'Call to Service' Grant Supports New Sustainability Program

The CSU Chancellor's Office awarded the Center for Regional Sustainability a grant for a community-engagement project.

Wednesday, December 16, 2009
SDSU faculty and students will collaborate on community sustainability project
SDSU faculty and students will collaborate on community sustainability project

San Diego State’s Center for Regional Sustainability (CRS) will begin a pilot community engagement project this spring, thanks to a recently awarded $45,000 grant by the CSU Chancellor’s Office.

Promoting sustainability

The project, dubbed “Public Conversations for a Sustainable Future,” aims to advance sustainability in higher education and the community, and to offer experiential learning opportunities through community-centered coursework and fieldwork.

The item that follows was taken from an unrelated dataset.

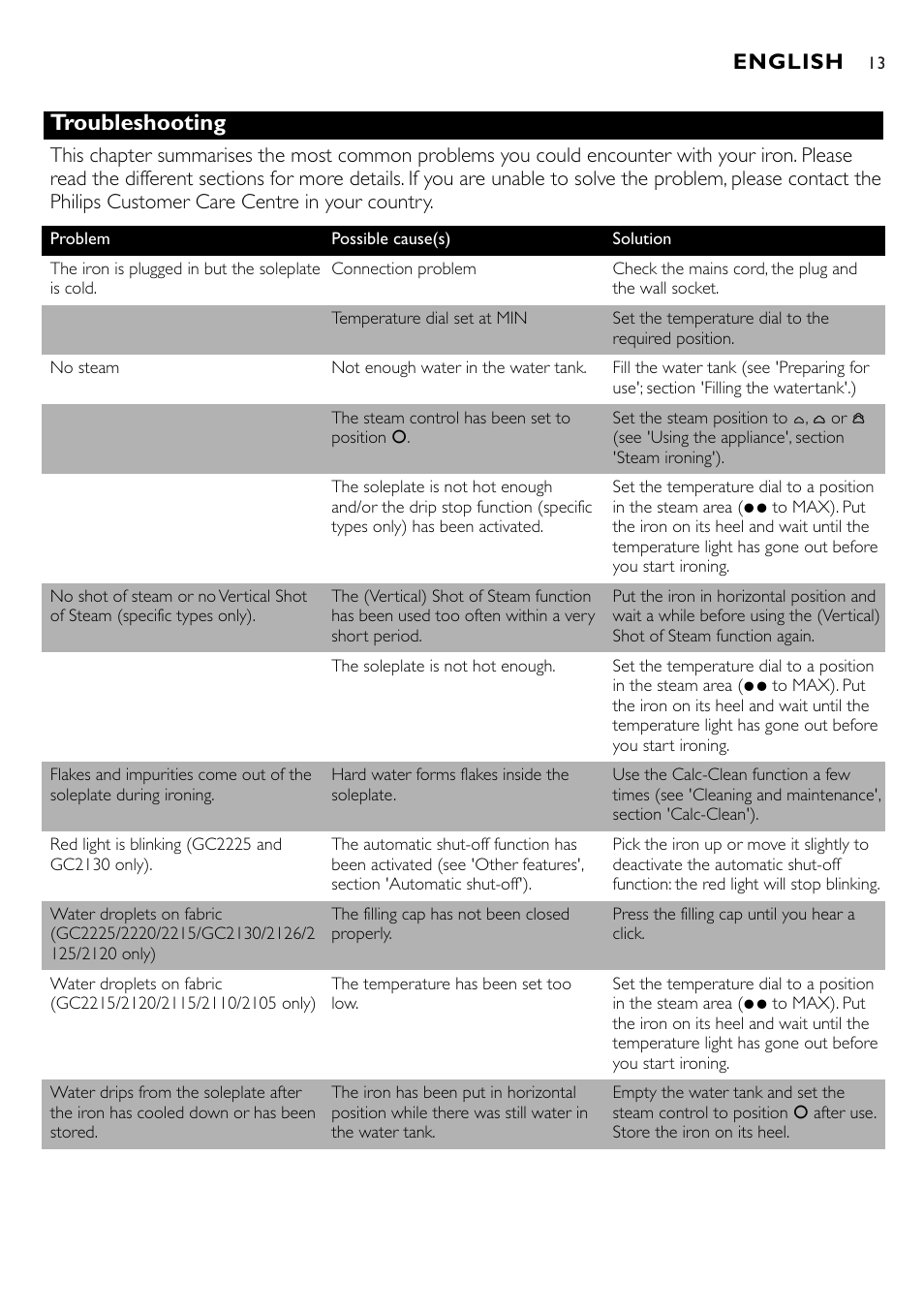 Troubleshooting, English | Philips GC2105 User Manual | Page 13 / 154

Partnering with the Sweetwater Union High School District, San Diego State faculty members David Larom (Asia Pacific studies), Kimberly Feilen (child and family development) and Janet Tempelton (rhetoric and writing studies) will work with about 40 SDSU students.

The service-learning course program will focus on developing students’ abilities to lead, understand and facilitate community dialogue in the Sweetwater district. Dialogue topics may include sustainability and food, social justice and connection to the local environment—all issues facing the San Diego region. 

Project goals

The project’s pilot hopes to link learning with community service and sustainability issues while using community interests and concerns to establish a community engagement model. It also plans to enhance students’ abilities for effective community engagement while building partnerships between SDSU and the Sweetwater Union School District.

To accomplish these goals, the project will use a framework provided by the Public Conversations Project, a nonprofit organization that has developed a training model to facilitate community dialogue on critical issues. The model has already been used by more than 200 universities and public entities around the world.

With the Public Conversations Project also providing input, SDSU’s Division of Undergraduate Studies will coordinate the pilot program, and the CRS will help in the project’s planning and oversight.

"Public Conversations for a Sustainable Future" will build on current student engagement projects in the Faculty-Student Mentoring Program, an SDSU program that uses undergraduate research, scholarship and creative initiatives to support student engagement and development.

About the Center for Regional Sustainability

SDSU's Center for Regional Sustainability provides a community forum that brings together the area stakeholders to advance sustainability collaborations in higher education, research, stewardship and outreach. The center’s mission is to ensure that generations of students will gain the skills and abilities that will allow the San Diego region to grow, prosper and become sustainable in the long term.